Function `gumbel_softmax`'s documentation is misleading

Boltzmachine · August 11, 2023, 9:14am

In the documentation of gumbel_softmax, the first parameter logits

logits: `[..., num_features]` unnormalized log probabilities

It confused me a lot that why the logtis could be unnormalized. In the equation the torch function uses

softmax((log p_i - log (-log e_i)) / t)

where log(-log e_i)) is the gumbel noise, t is the temperature, p_i is the probability. if you want to use the unnormalized logits o_i to replace log p_i in the equation may not hold unless you have

\sum_i exp(o_i) = 1

which is not guaranteed by an arbitrary network.

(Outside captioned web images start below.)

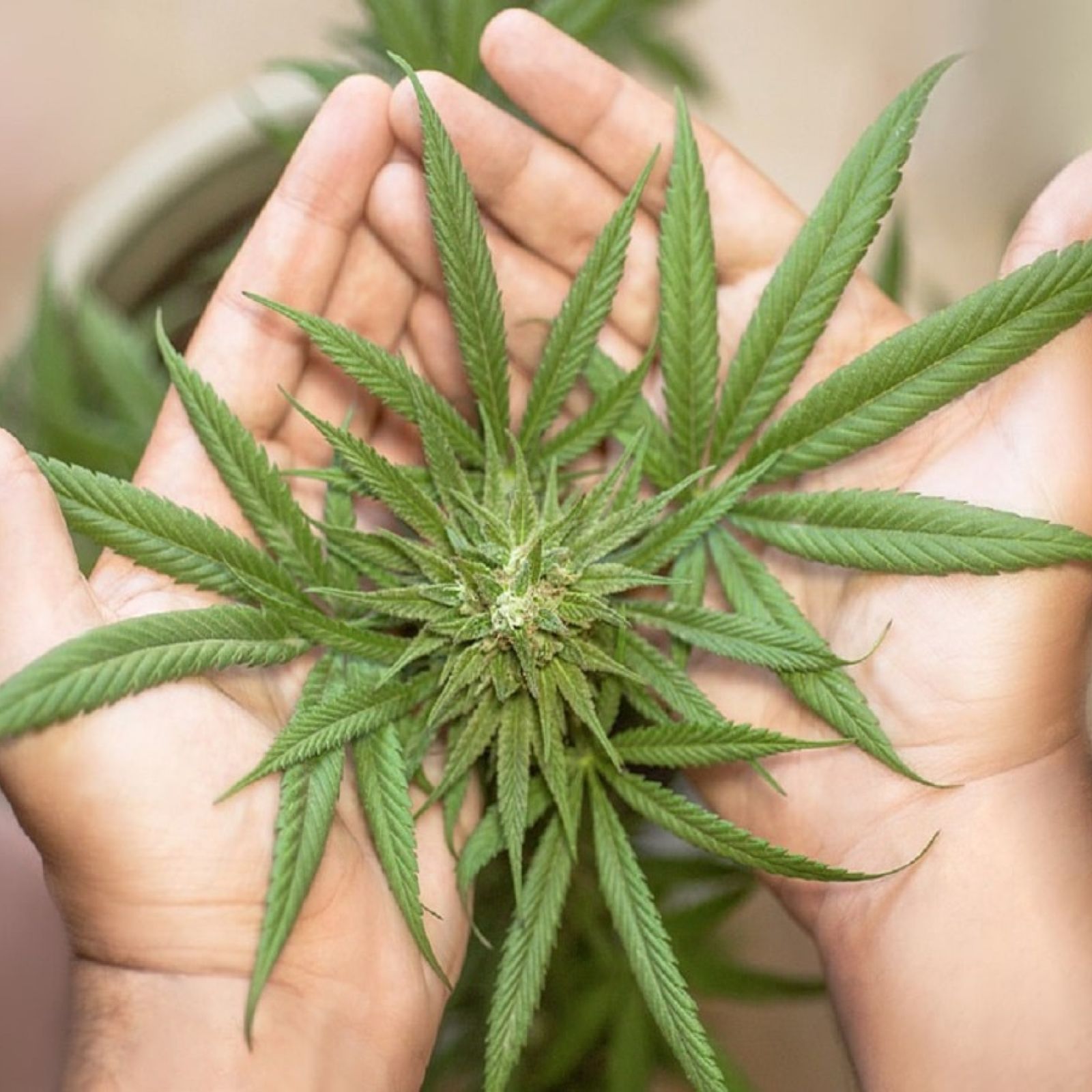 cannabis plant flower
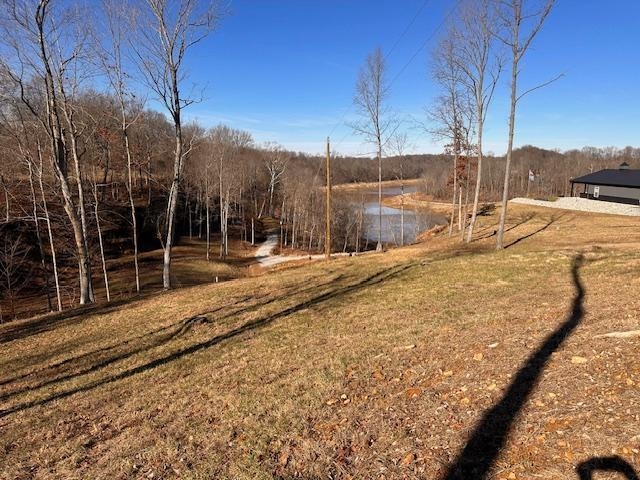 Lot 4 Stargazer Ln, Falls of Rough, Kentucky 40119, ,Land,For Sale,Stargazer Ln,91565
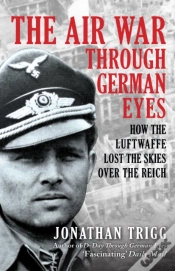Capa do artigo The Air War Through German Eyes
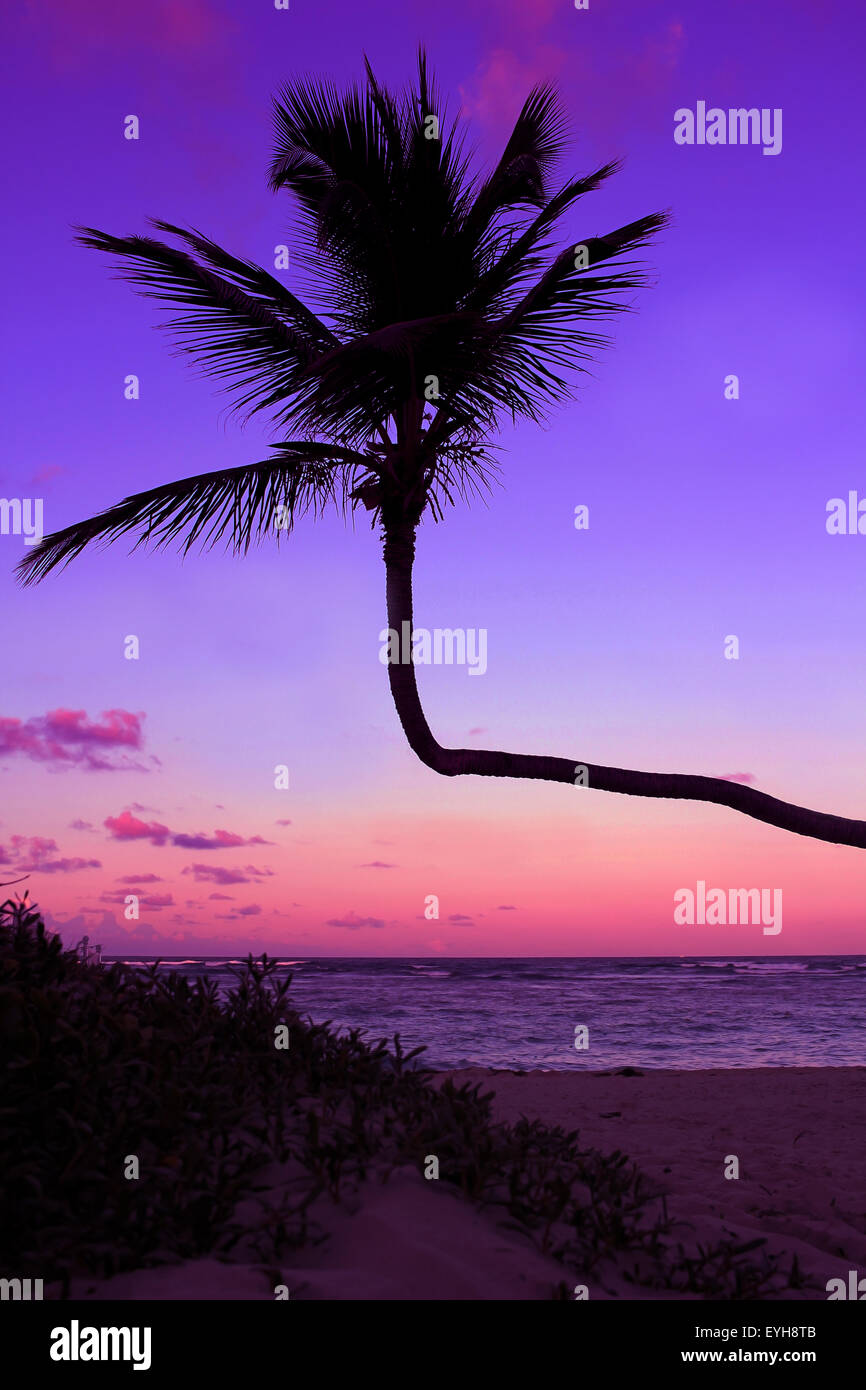 Silhouette Palm sur la plage pendant le coucher du soleil Banque D'Images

This thread also mentioned this issue

KFrank · August 11, 2023, 3:36pm

Hi Weikang!

I do not have an opinion about whether or not pytorch’s gumbel_softmax()
is correct.

However, as a practical matter, if you are concerned about this issue, you
may pass the output of your “arbitrary network” through log_softmax()
before passing it to gumbel_softmax().

One way of looking at this is that the only thing that log_softmax() does
is convert unnormalized log-probabilities to normalized log-probabilities.

Consider:

>>> import torch
>>> print (torch.__version__)
2.0.1
>>>
>>> _ = torch.manual_seed (2023)
>>>
>>> unnormalized_log_probabilities = torch.randn (5)
>>> unnormalized_log_probabilities
tensor([-1.2075,  0.5493, -0.3856,  0.6910, -0.7424])
>>>
>>> probabilities = unnormalized_log_probabilities.softmax (0)
>>> probabilities
tensor([0.0577, 0.3342, 0.1312, 0.3851, 0.0918])
>>> probabilities.sum()
tensor(1.)
>>>
>>> normalized_log_probabilities = unnormalized_log_probabilities.log_softmax (0)
>>> normalized_log_probabilities
tensor([-2.8528, -1.0960, -2.0309, -0.9544, -2.3877])
>>> normalized_log_probabilities.exp()
tensor([0.0577, 0.3342, 0.1312, 0.3851, 0.0918])
>>> normalized_log_probabilities.exp().sum()
tensor(1.)
>>>
>>> torch.equal (normalized_log_probabilities.log_softmax (0), normalized_log_probabilities)
True

(Closely related is that if you start with normalized log-probabilities, then
the inverse of softmax() is log().)

As an aside, log-probabilities are not logits (and pytorch should not use
logits as the name of the log-probabilities argument to gumbel_softmax()).
I’ve mixed up the terminology in some of my posts, but it’s worth trying to get
it right. Logits are log-odds-ratios – log (p / (1 - p)) (and are converted
to probabilities with the logistic sigmoid() function). Logits play the same
role with BCEWtthLogitsLoss that (unnormalized) log- probabilities play
with CrossEntropyLoss.

Best.

K. Frank